In the Middle Ages truth was what the Roman church said it was, or if you were in Greece or Russia it was what the Orthodox Church said it was. Wycliffe, in England challenged all this with his translation of Jerome’s Latin Bible and the Lollards, and later, the Independents and the Baptists, argued that truth was what God said it was. They understood the Word of God and the Bible to be identical so everyman could find out The Truth for himself by reading the Bible. Of course there was the problem that people interpreted the Bible differently and often people failed to recognize that it was their own interpretation they quarreled over and not the actual meanings of the actual words of the Bible.

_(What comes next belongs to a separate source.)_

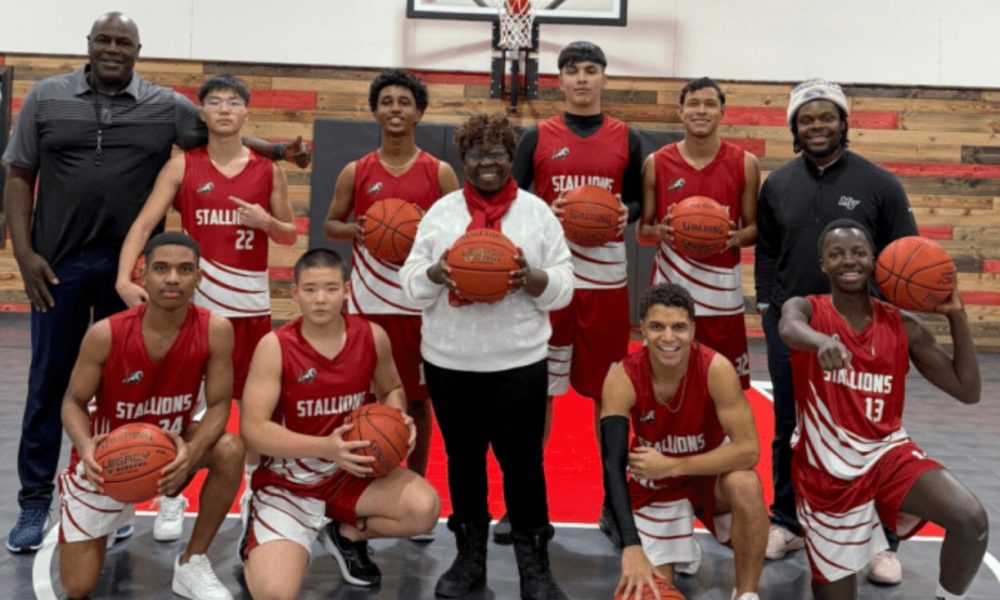 Susie Brooks, center, with Veritas Academy boys basketball players.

With the Renaissance came the tendency to look away from the Bible and instead to study nature both human and material. Renaissance paintings, instead of a virgin and child, a sort of ethereal goddess sort of person with an ethereal baby, depicted an ordinary young woman with an ordinary baby. Most people except the reactionaries in the churches thought this seemed sensible since this was probably how Mary and the baby probably were. In fact neither position could explain the truth of this simple “truth” of the incarnation. We still find it difficult, or impossible, at Christmas to get our heads round it and turn instead to eating, drinking, giving presents, and having a good time.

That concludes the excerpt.